Remember, machine learning algorithms, train models by using a finite set of training data. In the training phase, the model is evaluated based on its predictions of the training set. But the goal of the algorithm is to produce a model that predicts previously unseen observations, in other words, one that is able to generalize the problem by starting from known data and unknown data. For this reason, the data is divided into two datasets: training and test. The training set is used to train the model, while the test set is used to verify the ability of the system to generalize.

  1. We are now ready to fit a decision tree regression model.  Let's pick a tree with a maximum depth of 4, which means that we are not letting the tree become arbitrarily deep:
dt_regressor = DecisionTreeRegressor(max_depth=4)
dt_regressor.fit(X_train, y_train)

The DecisionTreeRegressor function has been used to build a decision tree regressor.  

  1. Let's also fit the decision tree regression model with AdaBoost:
ab_regressor = AdaBoostRegressor(DecisionTreeRegressor(max_depth=4), n_estimators=400, random_state=7)
ab_regressor.fit(X_train, y_train)

The AdaBoostRegressor function has been used to compare the results and see how AdaBoost really boosts the performance of a decision tree regressor.

  1. Let's evaluate the performance of the decision tree regressor:
y_pred_dt = dt_regressor.predict(X_test)
mse = mean_squared_error(y_test, y_pred_dt)
evs = explained_variance_score(y_test, y_pred_dt)
print("#### Decision Tree performance ####")
print("Mean squared error =", round(mse, 2))
print("Explained variance score =", round(evs, 2))

First, we used the predict() function to predict the response variable based on the test data.

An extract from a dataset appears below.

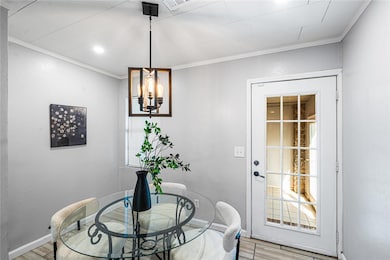 Dining space with a chandelier, ornamental molding, and wood finished floors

Next, we calculated mean squared error and explained variance. Mean squared error is the average of the squared difference between actual and predicted values across all data points in the input. The explained variance is an indicator that, in the form of proportion, indicates how much variability of our data is explained by the model in question.

  1. Now, let's evaluate the performance of AdaBoost:
y_pred_ab = ab_regressor.predict(X_test)
mse = mean_squared_error(y_test, y_pred_ab)
evs = explained_variance_score(y_test, y_pred_ab)
print("#### AdaBoost performance ####")
print("Mean squared error =", round(mse, 2))
print("Explained variance score =", round(evs, 2))

Here is the output on the Terminal:

#### Decision Tree performance ####
Mean squared error = 14.79
Explained variance score = 0.82

#### AdaBoost performance ####
Mean squared error = 7.54
Explained variance score = 0.91

The error is lower and the variance score is closer to 1 when we use AdaBoost, as shown in the preceding output.